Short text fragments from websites
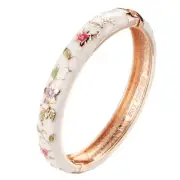 UJOY Vintage Bracelet Colorful Cloisonne Women Hinged Bangles Enameled Bracel...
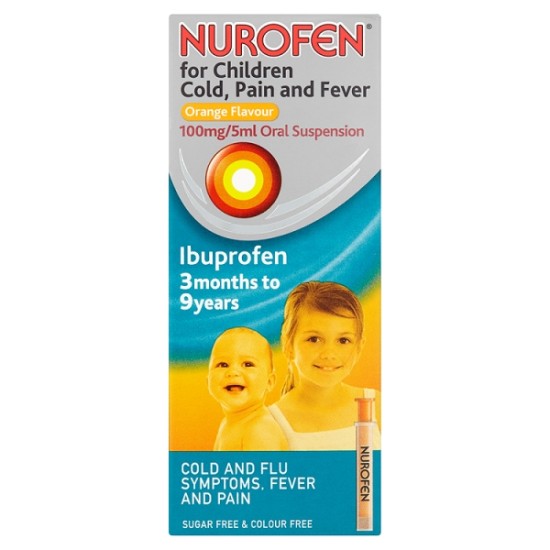 Nurofen For Children Cold Pain And Fever 100mg/5ml Orange Flavour 100ml Oral Suspension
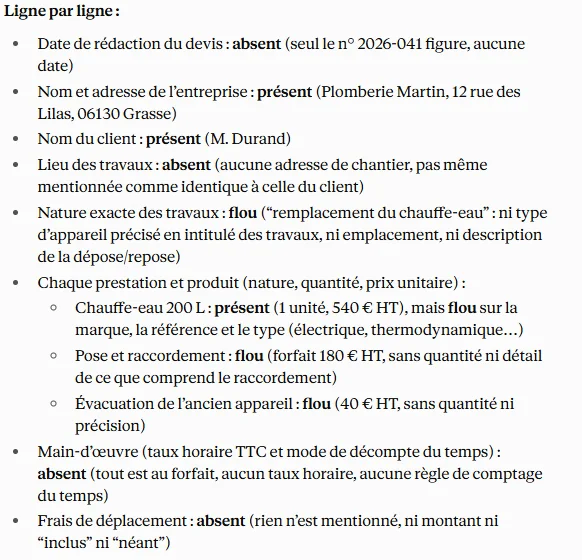 La réponse de Claude sur un devis : mention par mention, présent, absent ou flou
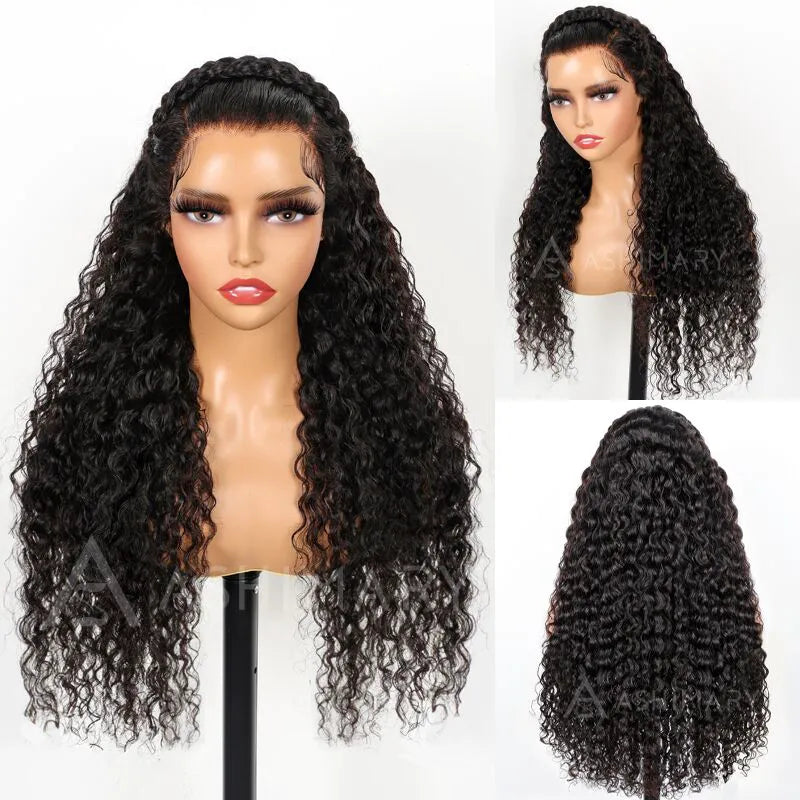 Pre Braided & Pre Baby Hair Water Wave Invisi Strap Snug Fit 360 Skin Lace Frontal Bleached Knots Crown Braid Wig - Image 5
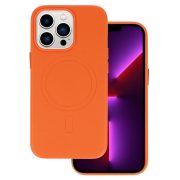   Magsafe Leather Case iPhone 14 Pro Magsafe kompatibilis műbőr hátlap, tok, narancssárga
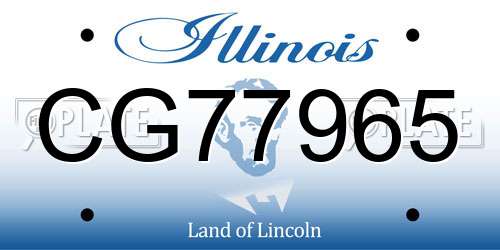 CG77965 Illinois License Plate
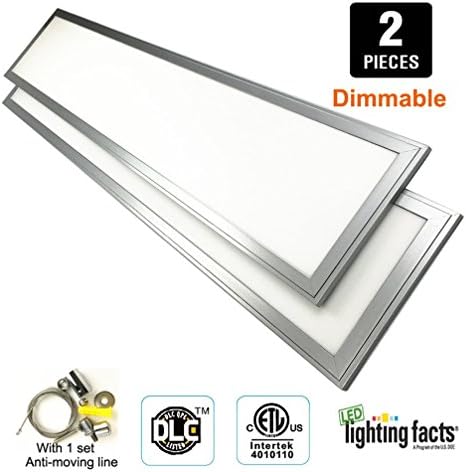 [2 Pack] Dimmable Led Panel Light 1x4ft 36W 4000k (Equivalent 280W incandescent), Daylight Grow, ETL+DLC listed , Eligible for Nationwide Rebate Programs ,Flat Ceiling Led Panels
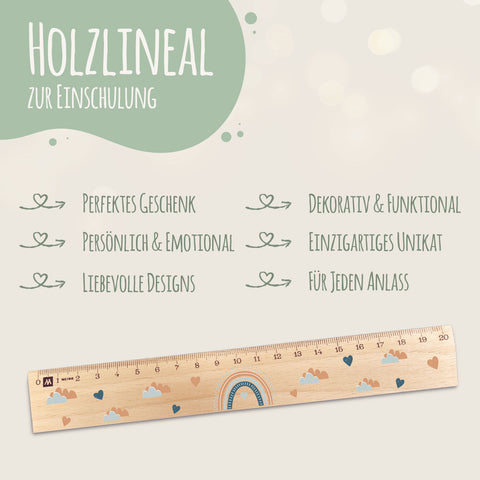 Lineal zur Einschulung im Regenbogen Design für Kinder aus Holz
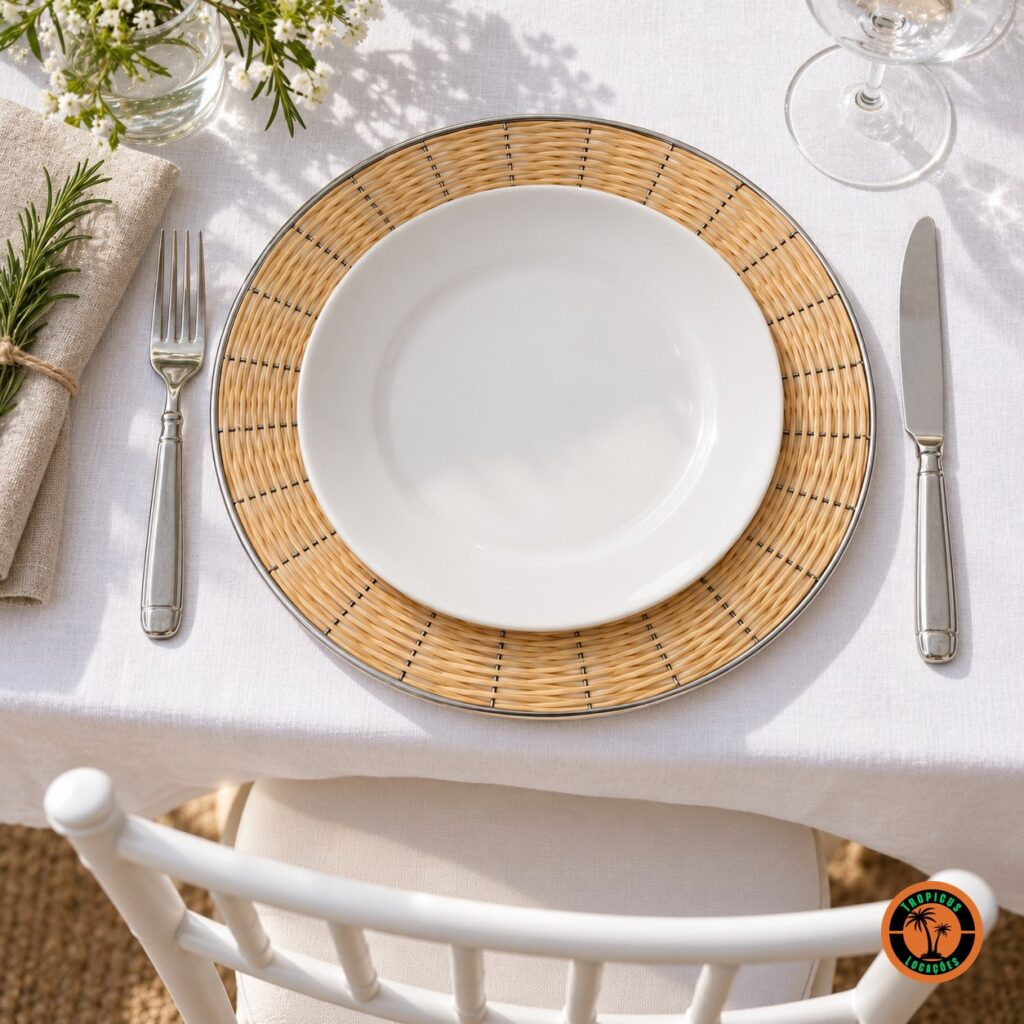 Sousplat de rattan claro com inox sob prato branco com talheres prata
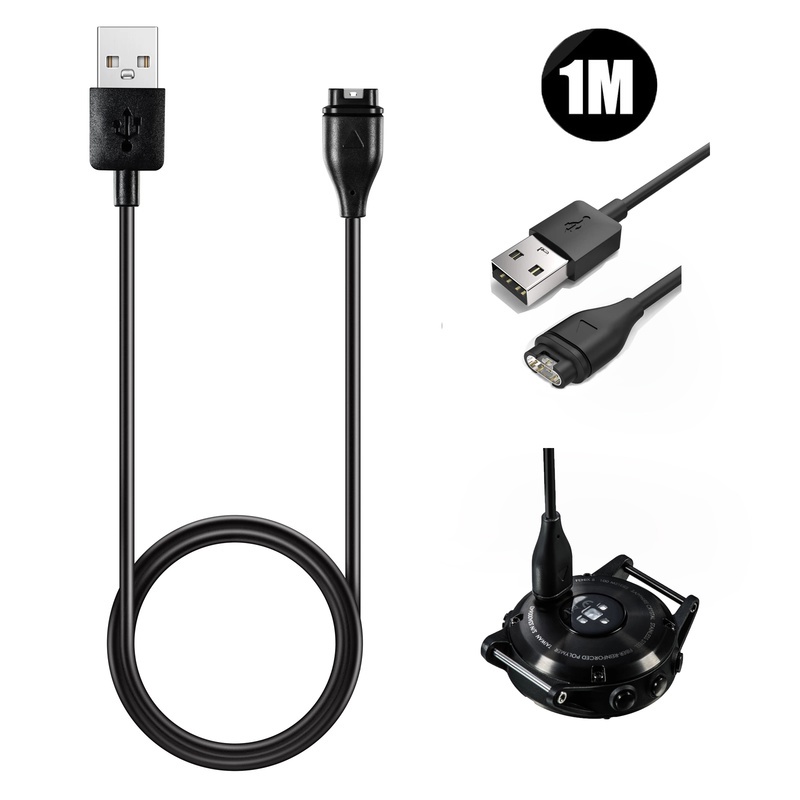 Kabel Charger USB Fast Charging Panjang 1m Untuk Smartwatch Garmin Fenix ​​Chip Ic 5 5S 5X Plus Approach S60 X10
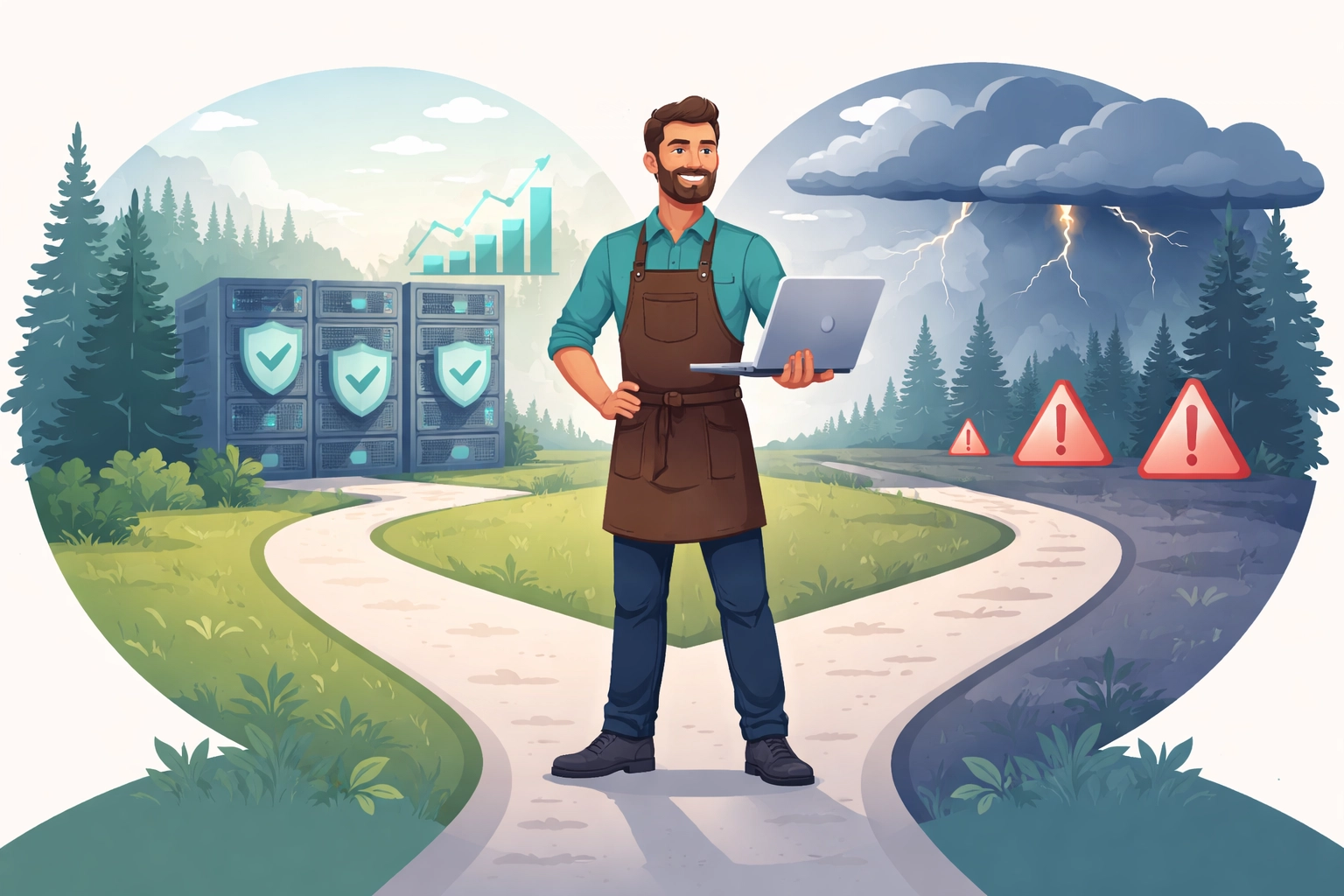 Northern Michigan business owner at a crossroads between reactive and proactive IT support options for Petoskey businesses.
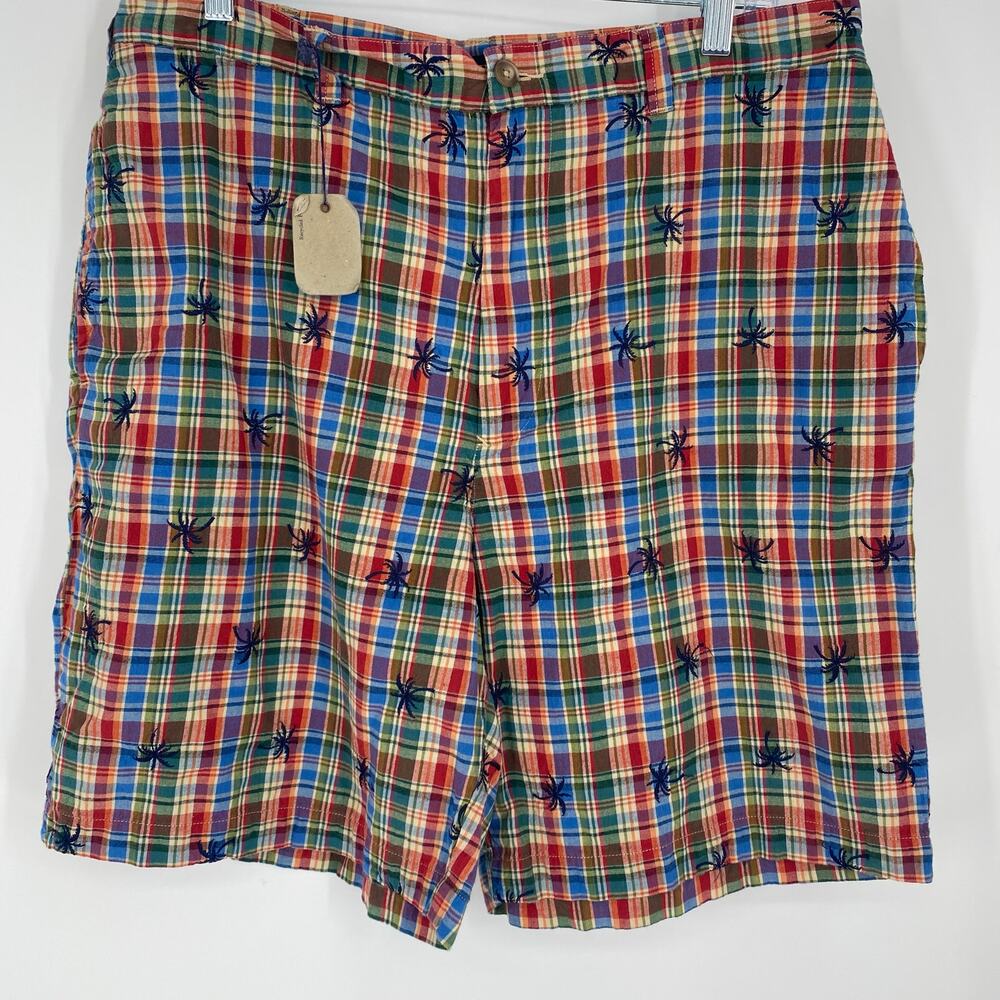 Tommy Hilfiger Shorts Men’s 34 Vintage‎ Dead Stock Plaid Embroidered Palm Trees
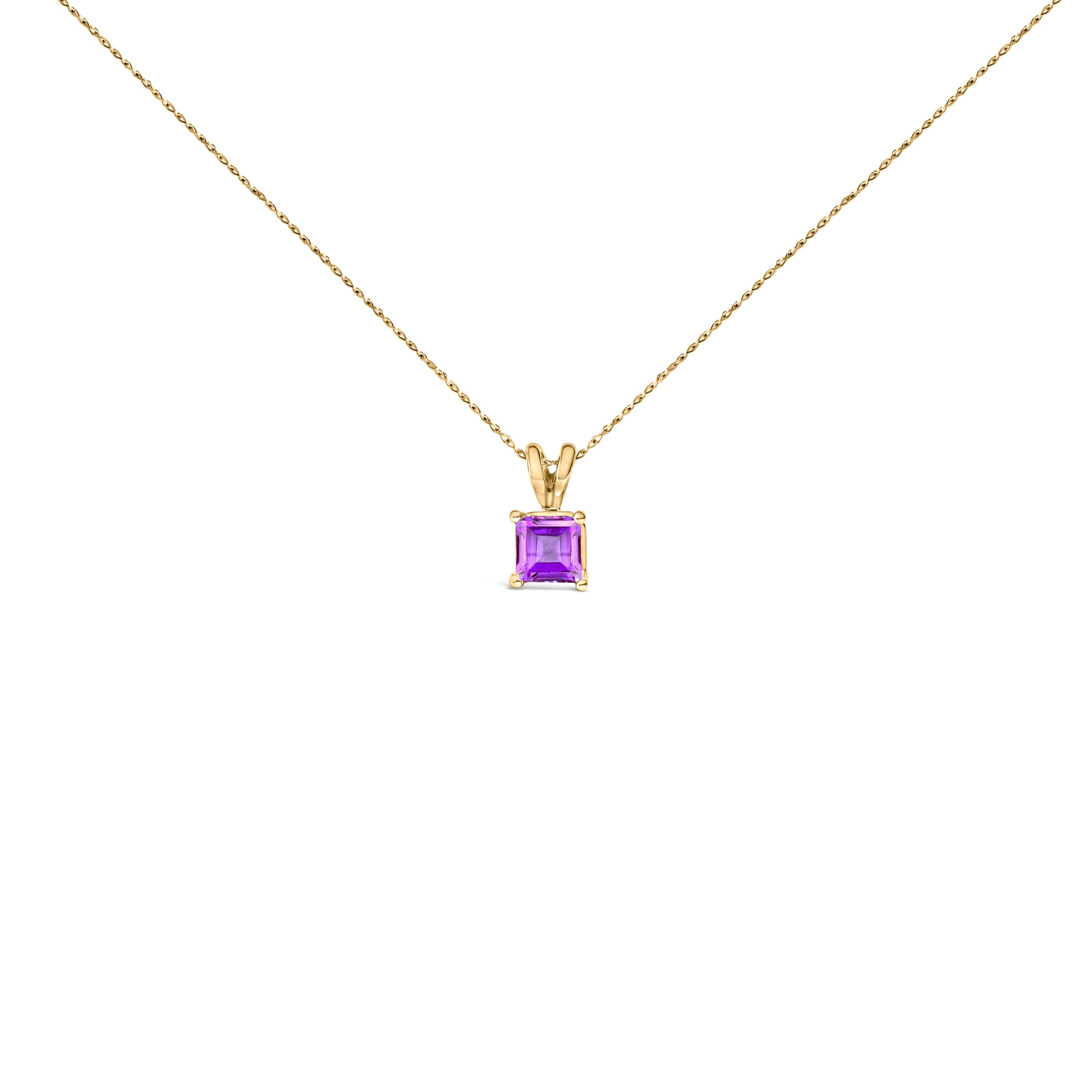 14K White Gold 5x5 MM Square Shaped Purple Amethyst Solitaire Pendant Necklace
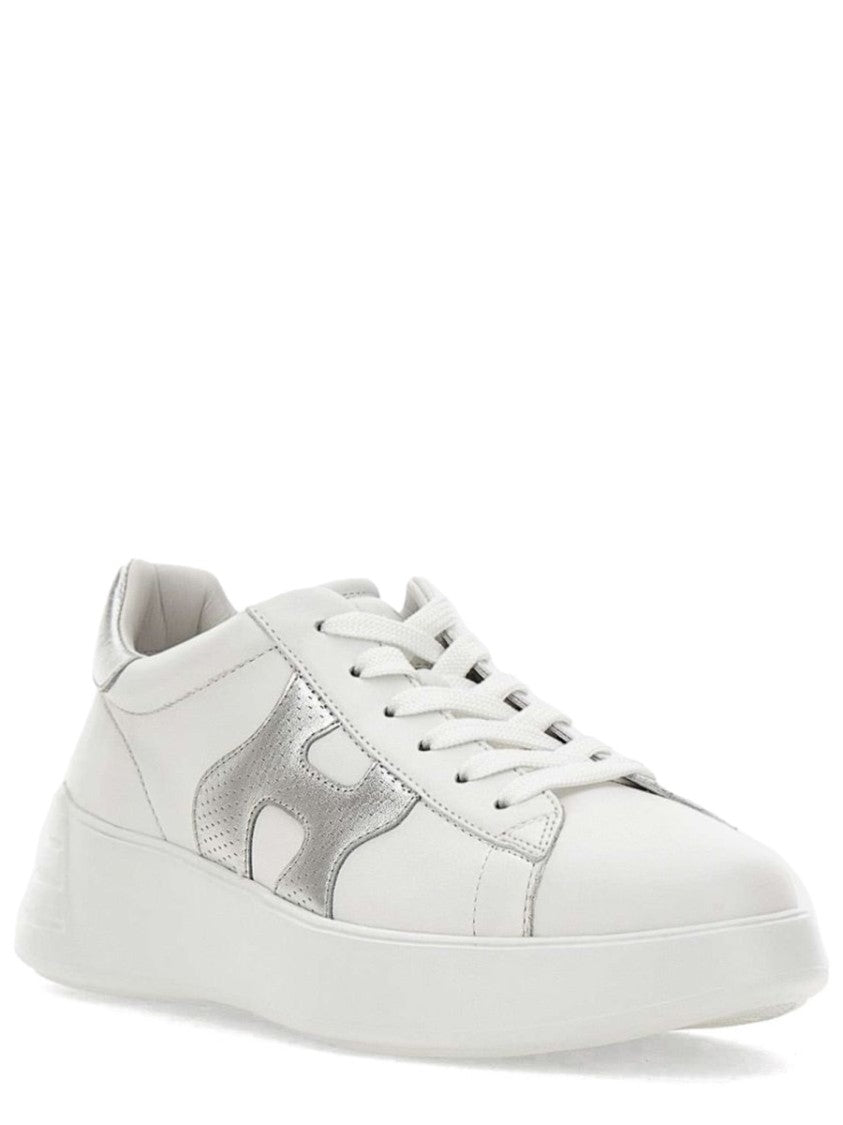 Hogan White Mutton Leather Silver H Sneakers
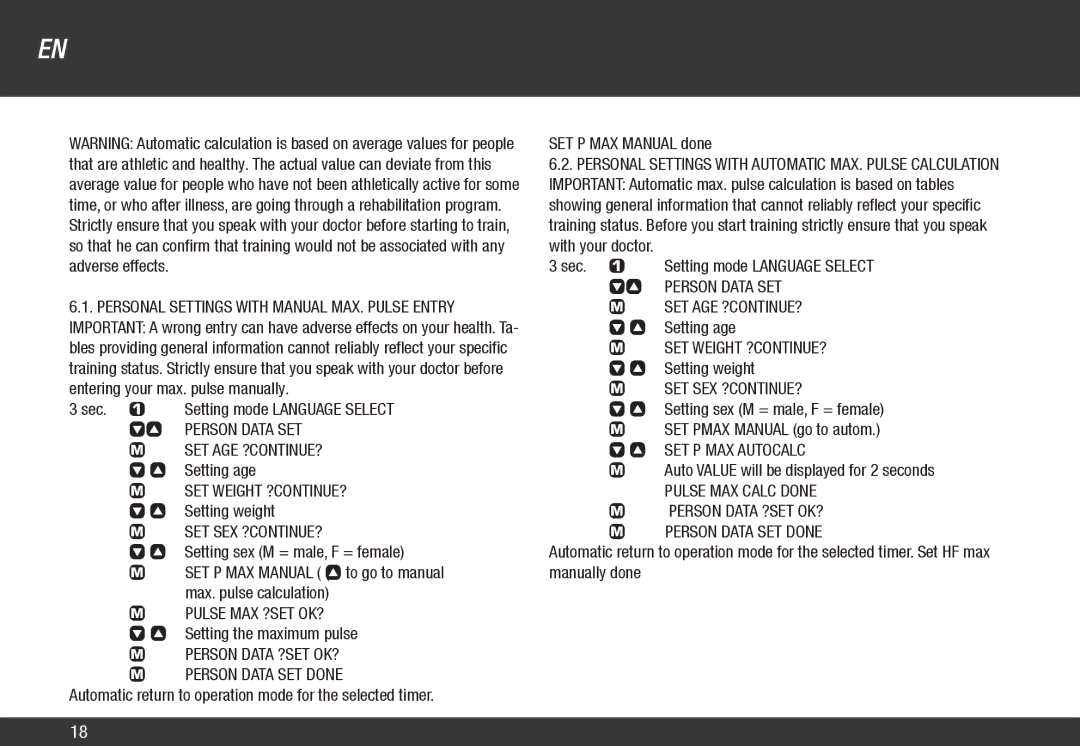 VDO Cyclecomputing Z3 PC-LINK manual Person Data SET, Set Age ?Continue?, SET Weight ?CONTINUE?, Set Sex ?Continue?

» **Exercise**: Both the first line of the records above and the line containing "[2 Pack] Dimmable" belong in the copy; please return them and every line between, exactly, minus the pictures.

» **Result of the task**:
 UJOY Vintage Bracelet Colorful Cloisonne Women Hinged Bangles Enameled Bracel...
 Nurofen For Children Cold Pain And Fever 100mg/5ml Orange Flavour 100ml Oral Suspension
 La réponse de Claude sur un devis : mention par mention, présent, absent ou flou
 Pre Braided & Pre Baby Hair Water Wave Invisi Strap Snug Fit 360 Skin Lace Frontal Bleached Knots Crown Braid Wig - Image 5
   Magsafe Leather Case iPhone 14 Pro Magsafe kompatibilis műbőr hátlap, tok, narancssárga
 CG77965 Illinois License Plate
 [2 Pack] Dimmable Led Panel Light 1x4ft 36W 4000k (Equivalent 280W incandescent), Daylight Grow, ETL+DLC listed , Eligible for Nationwide Rebate Programs ,Flat Ceiling Led Panels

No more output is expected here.